— TASK —
Begin with the line below holding "Chainsaw — Stock Vector" and go on through the line holding "Creation Bible Coloring Page (free download)", duplicating each line exactly and leaving out pictures.

— DATA FOR THIS TASK —
=== Section Start ===
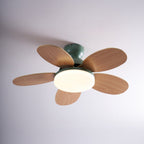 Petalo Nordic Petal-Shaped Acrylic Ceiling Fan Light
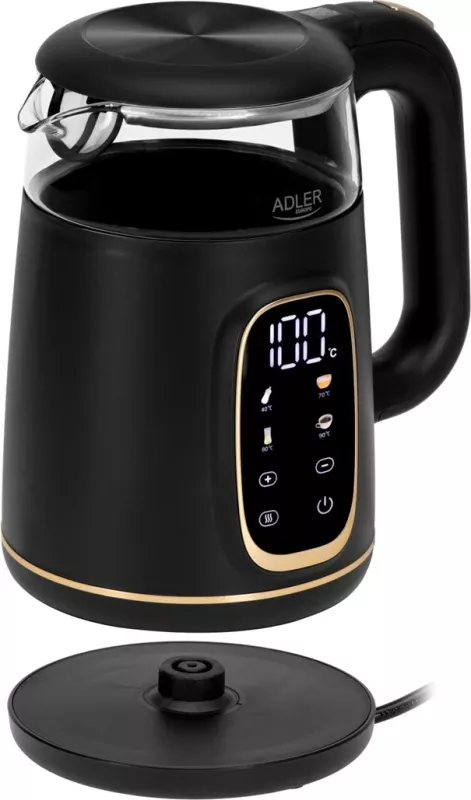 Ibrik elektrik Adler AD 1305bg, 1.7L, LED, Touch, i zi-ari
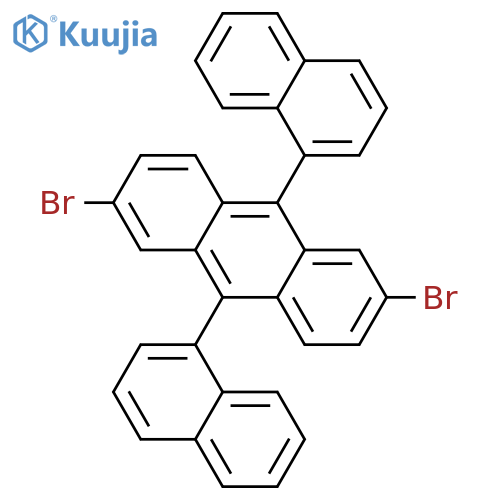 2,6-Dibromo-9,10-di(naphthalen-1-yl)anthracene structure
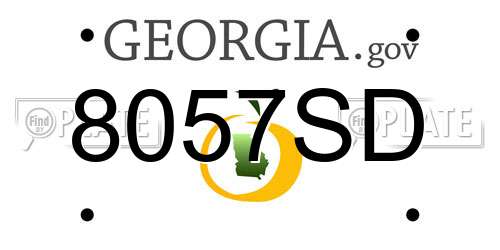 8057SD Georgia License Plate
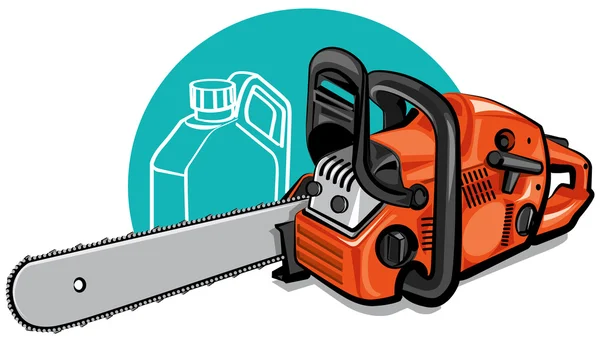 Chainsaw — Stock Vector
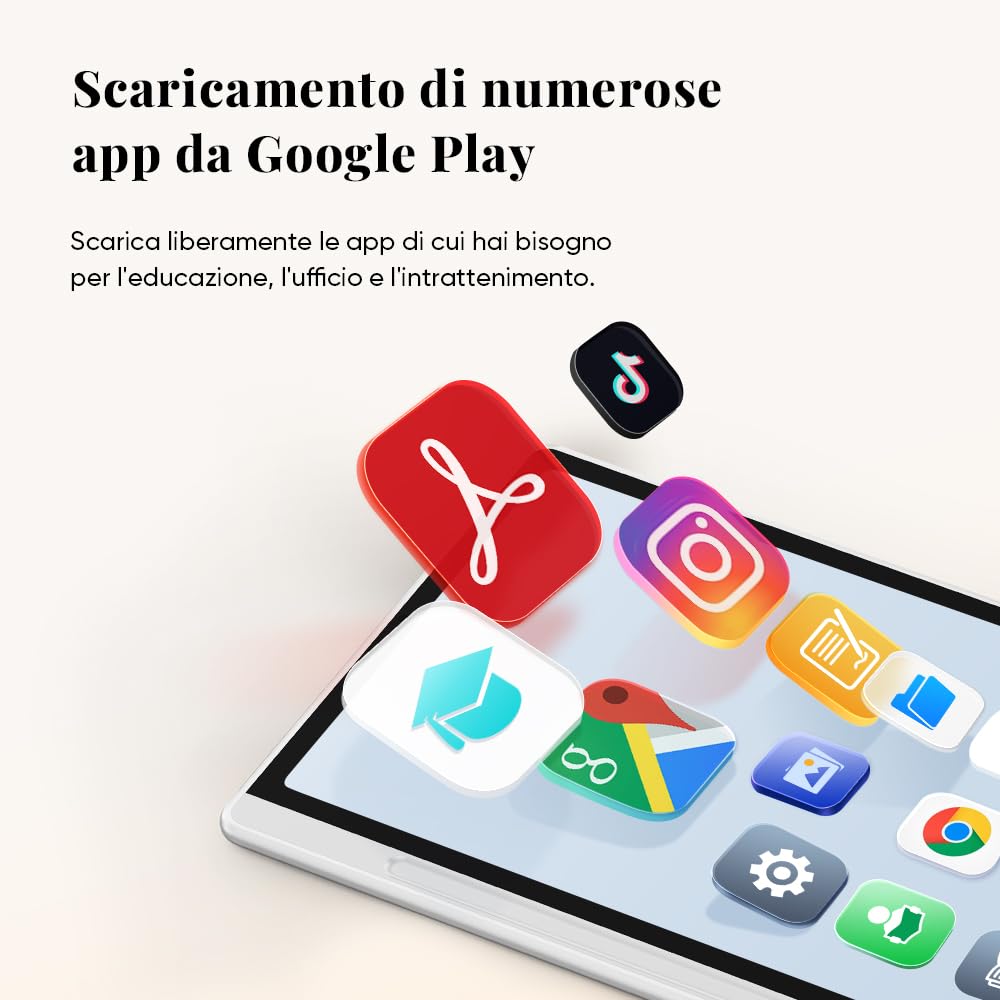 XP-Pen XPPen Magic Note Pad, paper tablet a colori da 10,95 pollici, penna 16384 livelli, tre modalità di colore, risoluzione 1200 x 1920, capacità batteria 8000 mAh, sistema operativo Android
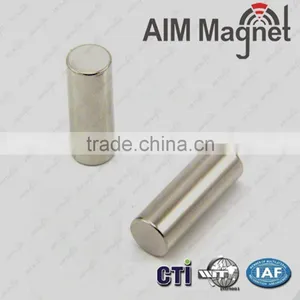 N42 Nickel Cylinder NbFeB Permanent Neodymium Magnet thumbnail-1
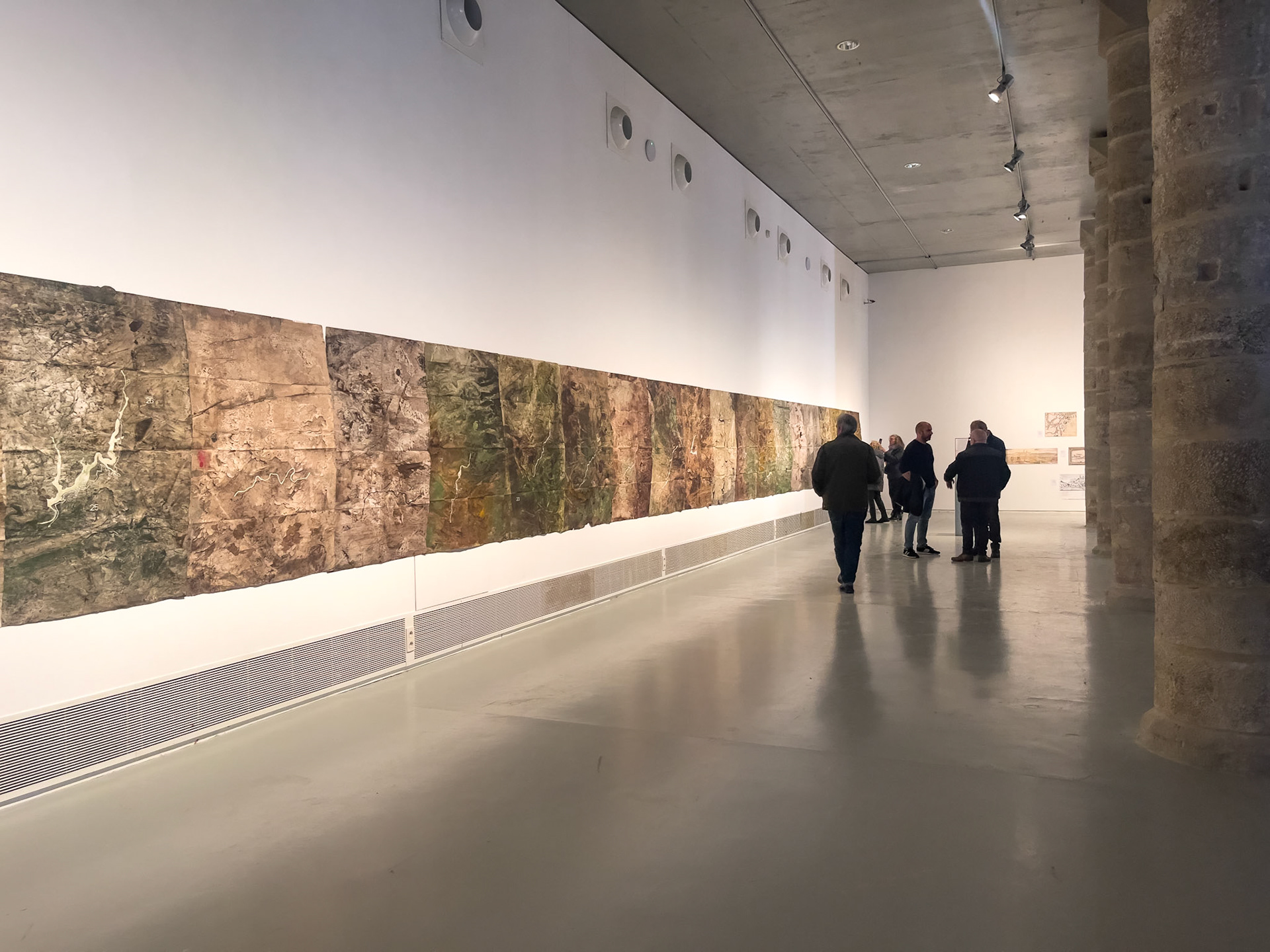 Exposición "Cossos d’aigua. Encarnacions aquoses de matèries i signes", La Panera, Lleida, 2024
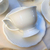 Xícara de Chá de Porcelana Super White Queen 200ml - Lyor - loja online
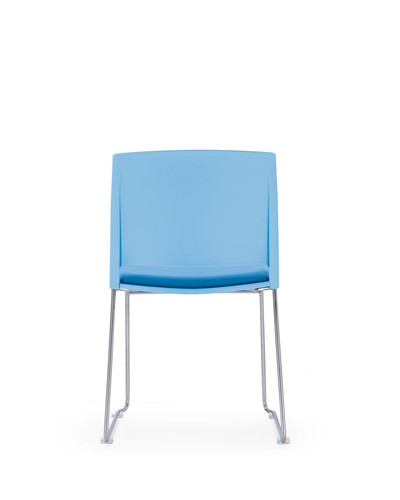 כסא אורח פלסטיק דגם CUBIC 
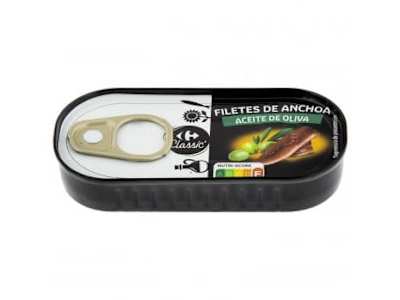 Filetes de anchoa en aceite de oliva Classic Carrefour 30 g.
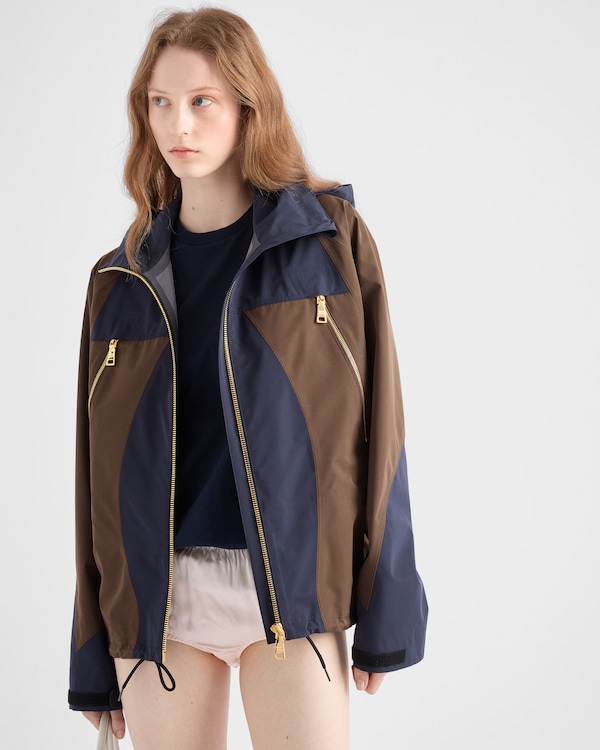 Technical fabric blouson jacket - Blue/Tundra Technical fabric blouson jacket - Blue/Tundra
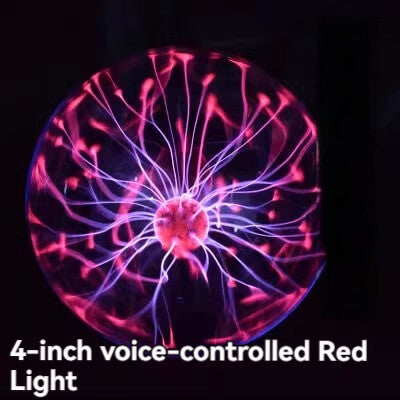 Touch & Sound Sensitive Plasma Ball - 3 to 8 Inch Electric Lightning Sphere for Kids, Parties, Home Decor, and Christmas Gifts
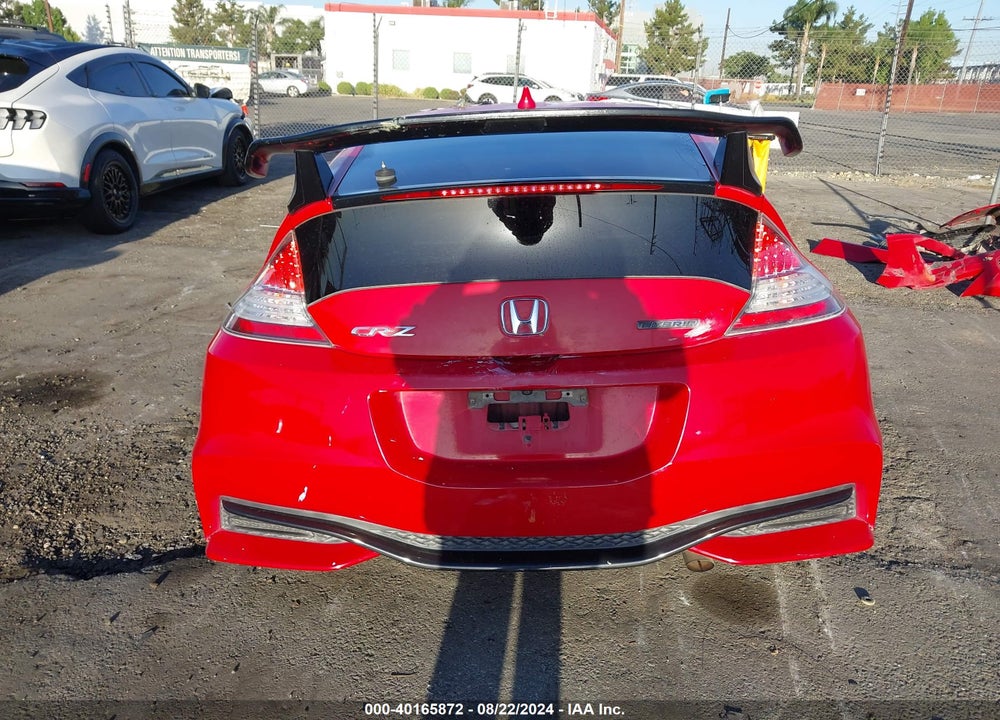 2016 HONDA CR-Z LX VIN: JHMZF1D40GS000344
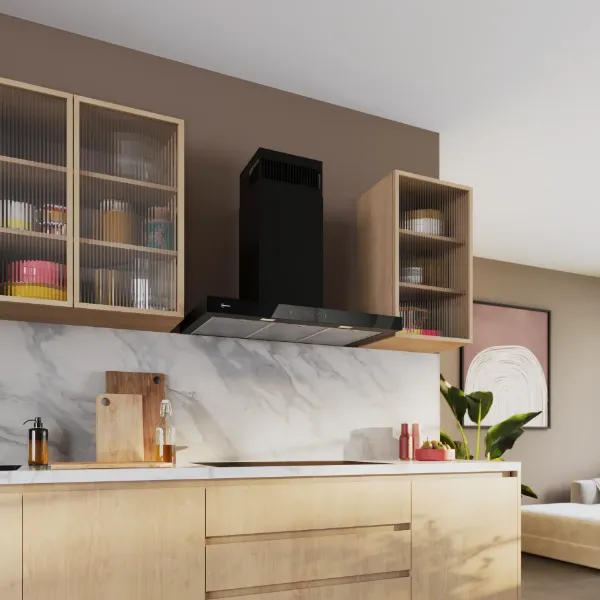 Neff D97BDN2S0B Wall-Mounted Cooker Hood in Matt Black 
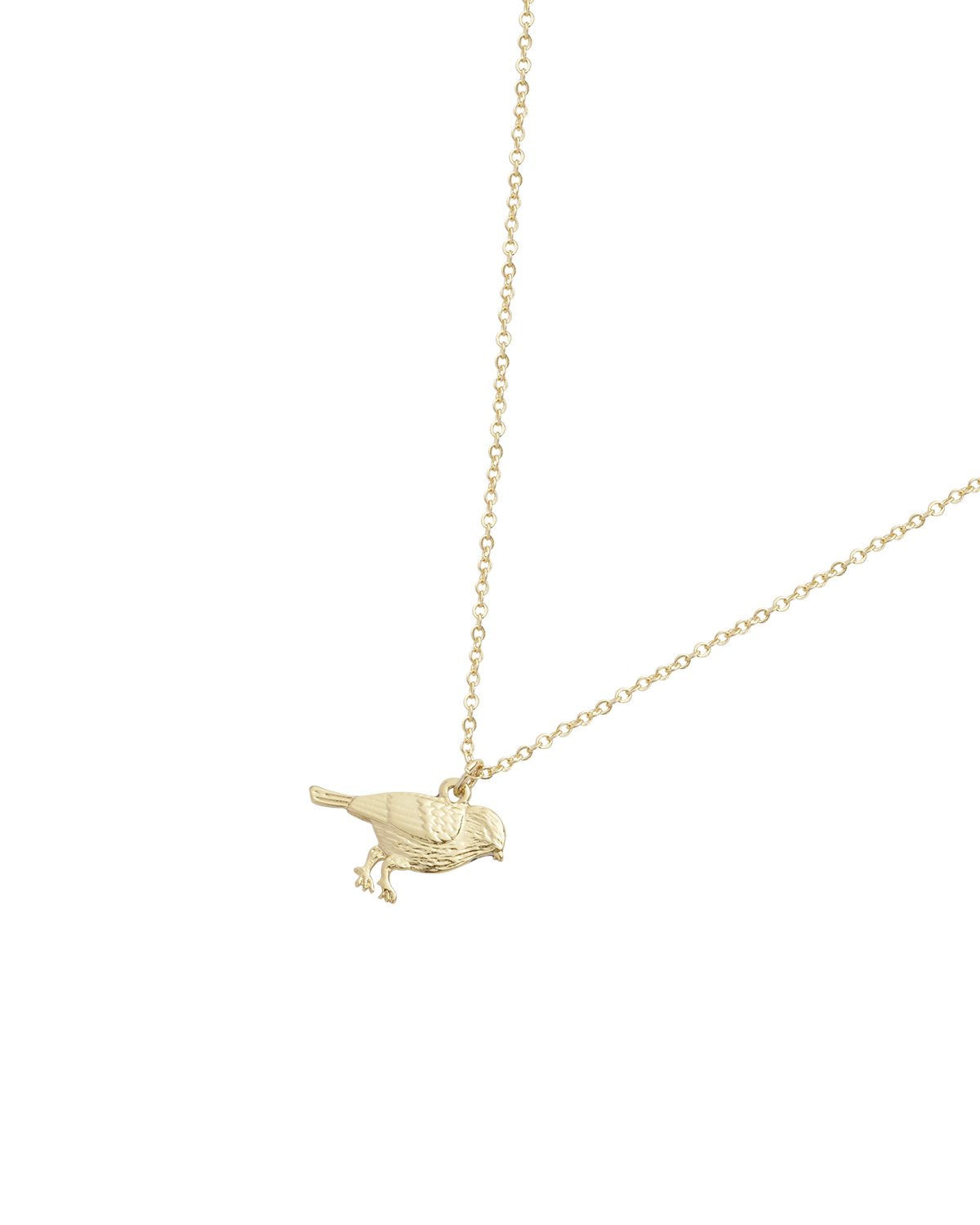 Enamel Blue Tit Short Necklace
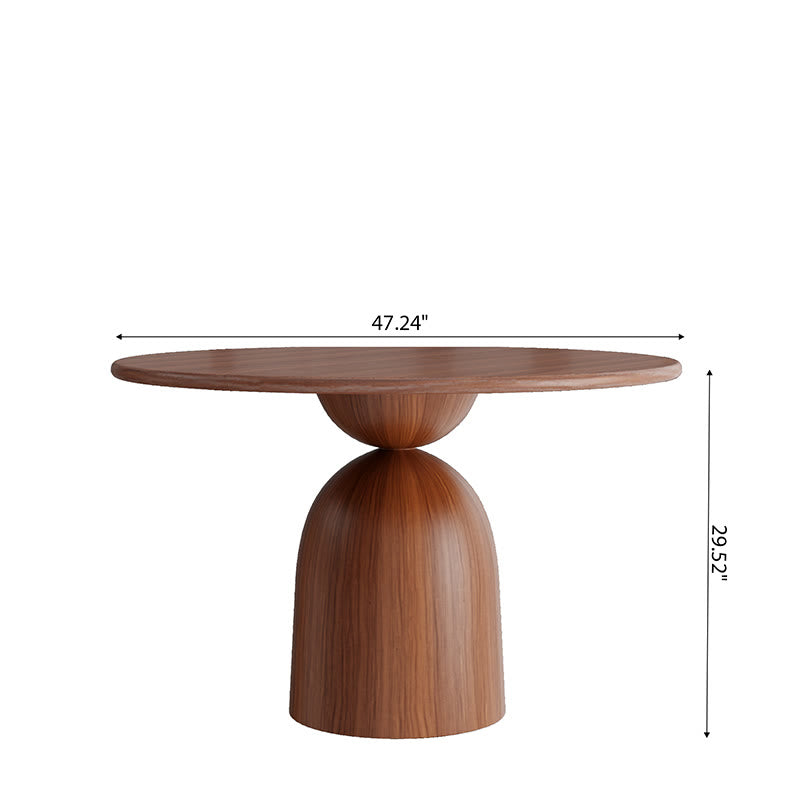 Round Wooden Kitchen Dining Table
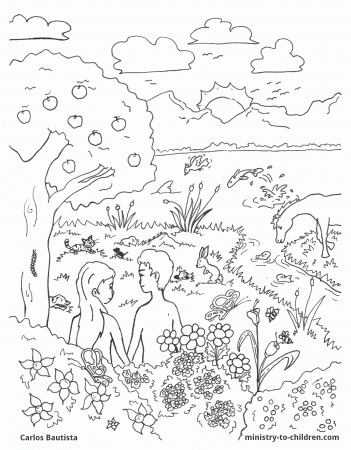 Creation Bible Coloring Page (free download)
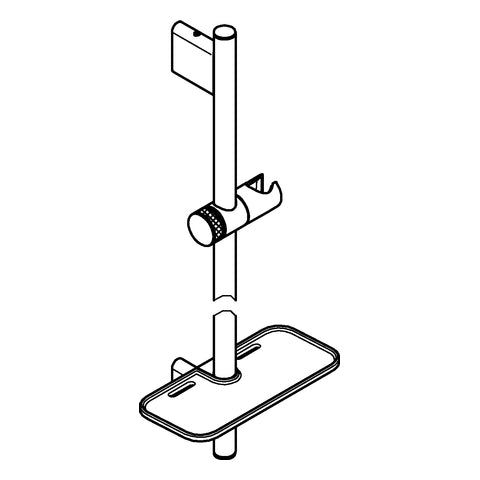 Grohe - Brausestange RAINSHOWER Smart Active 26603 900mm supersteel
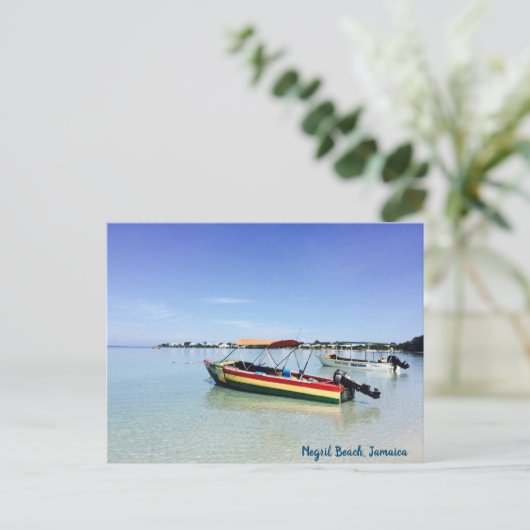 Negril Beach, Jamaika Postkarte (Stehend Vorderseite)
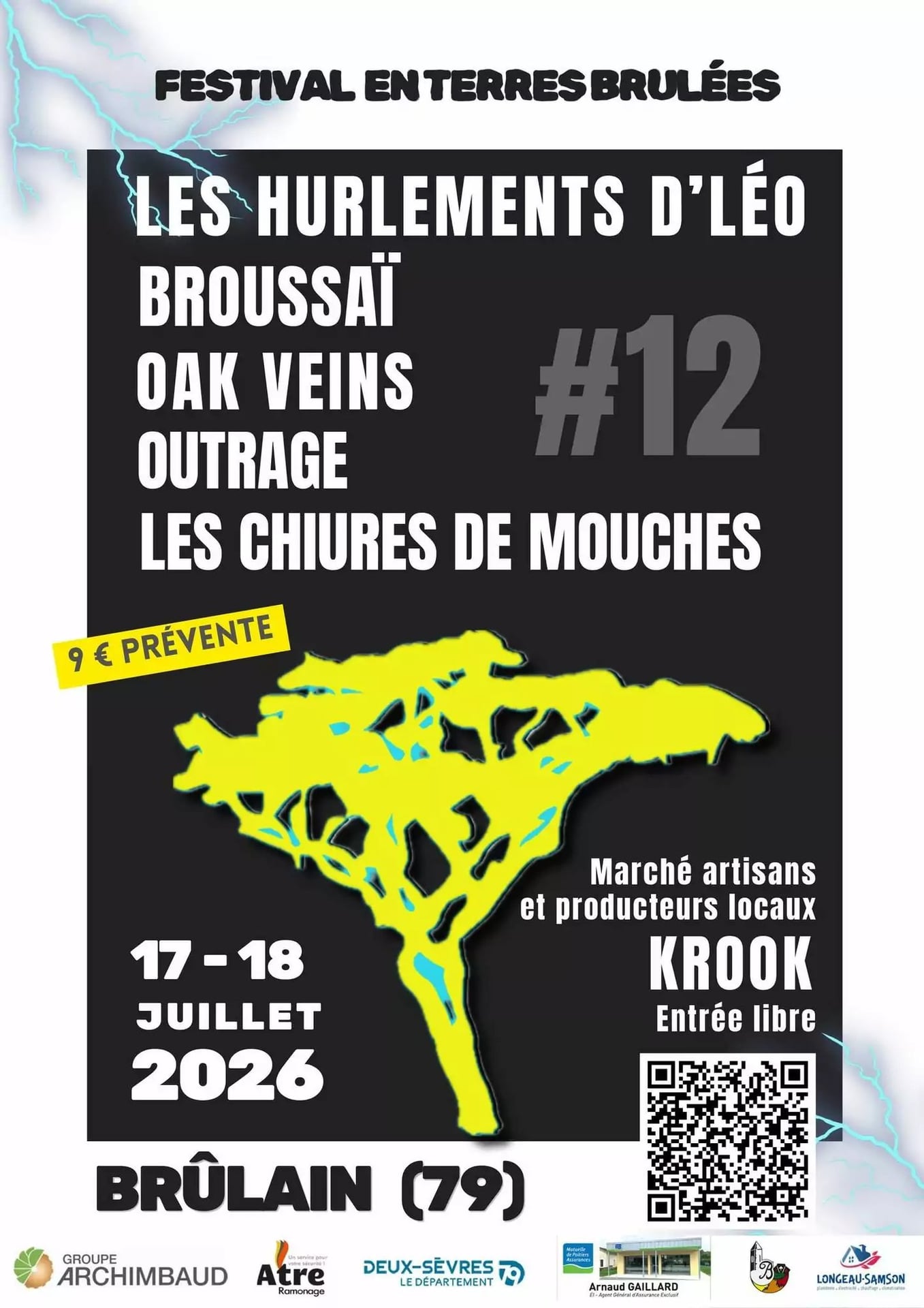 Festival En Terres Brûlées à Brûlain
=== Section End ===
— REPLY TO THE TASK —
 Chainsaw — Stock Vector
 XP-Pen XPPen Magic Note Pad, paper tablet a colori da 10,95 pollici, penna 16384 livelli, tre modalità di colore, risoluzione 1200 x 1920, capacità batteria 8000 mAh, sistema operativo Android
 N42 Nickel Cylinder NbFeB Permanent Neodymium Magnet thumbnail-1
 Exposición "Cossos d’aigua. Encarnacions aquoses de matèries i signes", La Panera, Lleida, 2024
 Xícara de Chá de Porcelana Super White Queen 200ml - Lyor - loja online
 כסא אורח פלסטיק דגם CUBIC 
 Filetes de anchoa en aceite de oliva Classic Carrefour 30 g.
 Technical fabric blouson jacket - Blue/Tundra Technical fabric blouson jacket - Blue/Tundra
 Touch & Sound Sensitive Plasma Ball - 3 to 8 Inch Electric Lightning Sphere for Kids, Parties, Home Decor, and Christmas Gifts
 2016 HONDA CR-Z LX VIN: JHMZF1D40GS000344
 Neff D97BDN2S0B Wall-Mounted Cooker Hood in Matt Black 
 Enamel Blue Tit Short Necklace
 Round Wooden Kitchen Dining Table
 Creation Bible Coloring Page (free download)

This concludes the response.